-- Data to use follows --

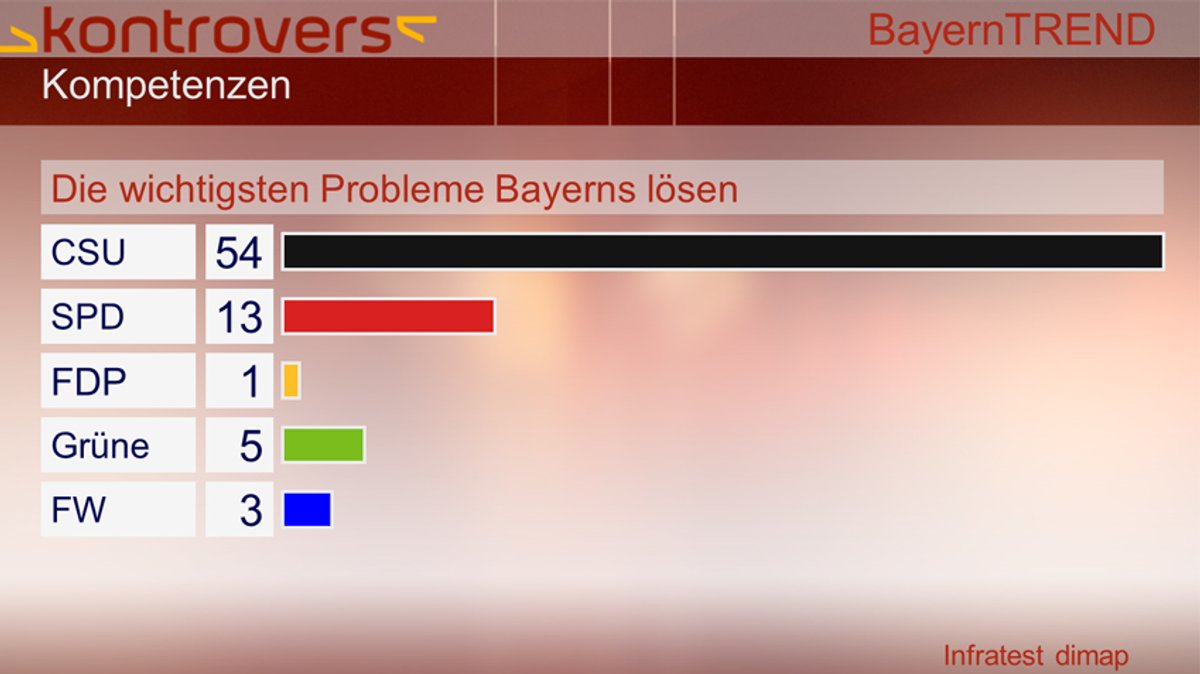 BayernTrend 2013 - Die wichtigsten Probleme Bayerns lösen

-- Data to use concluded --
-- Data to use follows --

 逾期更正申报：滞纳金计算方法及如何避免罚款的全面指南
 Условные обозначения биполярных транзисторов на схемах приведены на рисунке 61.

-- Data to use concluded --
-- Data to use follows --

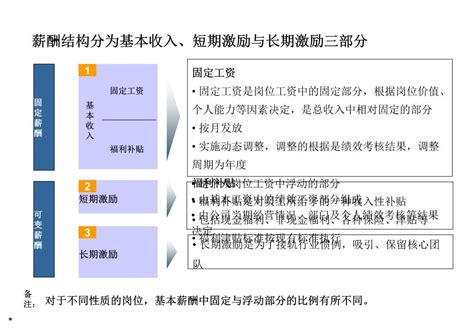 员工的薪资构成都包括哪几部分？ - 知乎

-- Data to use concluded --

Task to complete
Please, from the material above, copy only the lines from the line with "逾期更正申报：滞纳金计算方法及如何避免罚款的全面指南" up to and including the line with "Условные обозначения биполярных", exactly as written.

Task solution
 逾期更正申报：滞纳金计算方法及如何避免罚款的全面指南
 Условные обозначения биполярных транзисторов на схемах приведены на рисунке 61.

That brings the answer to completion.